Söylenenlerin doğruluğu bir tarafa, zaten yapmakla mükellef oldukları, yapmak zorunda oldukları bu işleri, bu siyasî zevat ne diye söyler anlamak mümkün değil. Bu beyefendiler, yapmakla övündükleri, yaptıkları için havalara girdikleri bu icraatlarını sanki üzerlerine vazife olmadığı halde, millete fazladan bir iyilik olsun diye yapmışlar...
Birileri çıkıp da, “Beyefendi o söylediklerinizin hepsini zaten yapmak zorundasınız... Bunları bize bir iyilik, bir ikram olarak takdim etmenin anlamı var mı? Lütfen aslî vazifeniz olan ve yapmakla mükellef bulunduğunuz işleri yaptığınız için havalara girmeyiniz” diyebilse, belki siyasîlerin böyle içi boş, mesnetsiz, hamasî nutukları son bulacak...
Veya birileri çıkıp bu siyasî zevâta “Beyefendi, bize hep yaptıklarınızdan bahsediyorsunuz; yapmak zorunda olduğunuz halde yapmadıklarınızı hiç dile getirmiyorsunuz. ‘Yapacağım’ deyip de bugüne kadar kulak ardı ettiklerinizi, vaad ettiğiniz halde bir türlü gerçekleştiremediklerinizi niçin kulak ardı ediyorsunuz? Niçin bunların hesabını vermeden, yaptıklarınızın mübalâğalı bir şekilde reklâmını yapıyorsunuz?
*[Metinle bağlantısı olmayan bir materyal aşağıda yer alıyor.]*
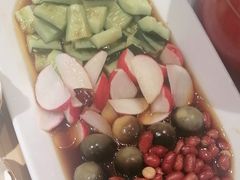 -巴特餐饮6加1音乐餐吧·新疆菜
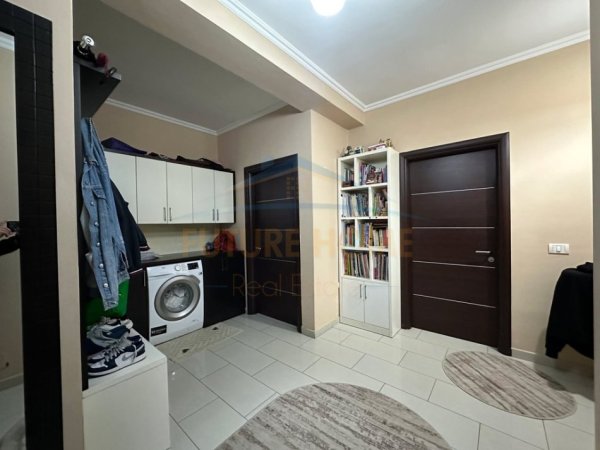 Tirane, shitet apartament 3+1 Kati 2, 139 m² 200.000 € (unaza e re)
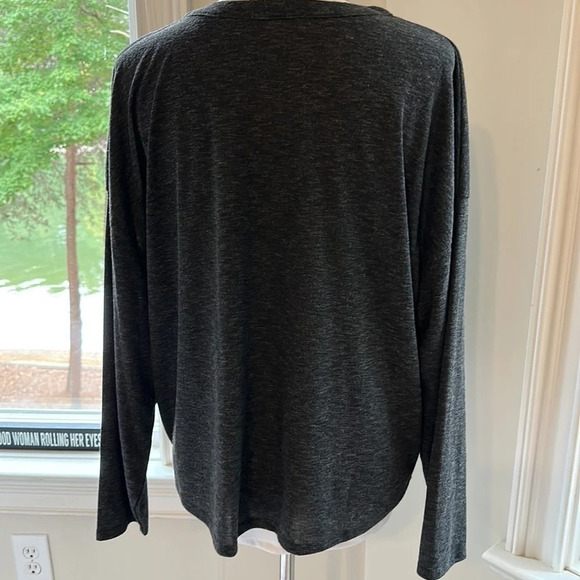 NWT Treasure & Bond Henley, Size Medium - Picture 6 of 8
Halbuki milletten rey isteyerek hizmete talip olan siyasîler, söz verdikleri halde yapmadıklarının hesabını vermek zorundadırlar” diyebilseler mesele kalmaz. Belki o zaman siyasîlerin bazı ayak oyunlarının önü alınmış olur. Belki o zaman, bazı suistimallerin, hilelerin önü alınır.
Şurası önemli bir gerçektir ki, millet ekseriyetinin ehl-i tahkik olmayışı, söylenenleri esas alıp öylece karar vermesi, bazı siyasîlerin işini kolaylaştırıyor. Değişmez ölçülerin, sağlam düsturların, isabetli prensiplerin, çoğu insanımızın elinde bulunmayışı, önemli yanılgılara, tamiri güç yanlışlıklara sebebiyet veriyor. Bu eksiklikleri iyi bir fırsat olarak gören kurnaz siyasîler, her defasında olmadık vaadlerle, mübalâğalı, yanıltıcı reklâm ve propagandalarla saf vatandaşın aklını çelerek, arzuladığı hedefine kolayca kavuşuyor. Ne zaman ki milletin çoğunluğu hakkını hukukunu öğrenip, onu kullanmasını ve korumasını bilirse, işte o zaman, bugün için adeta kördüğüm haline gelen bir çok problemin çözümü de kolaylaşır.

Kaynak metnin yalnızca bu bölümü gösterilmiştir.